* _Work to be completed_: Give back the listing word for word, from top to bottom.

(Stored data begins)

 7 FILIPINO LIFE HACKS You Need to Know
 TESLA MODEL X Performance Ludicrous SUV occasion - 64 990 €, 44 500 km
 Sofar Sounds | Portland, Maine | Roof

(Stored data ends)

* _Completed exercise_:
 7 FILIPINO LIFE HACKS You Need to Know
 TESLA MODEL X Performance Ludicrous SUV occasion - 64 990 €, 44 500 km
 Sofar Sounds | Portland, Maine | Roof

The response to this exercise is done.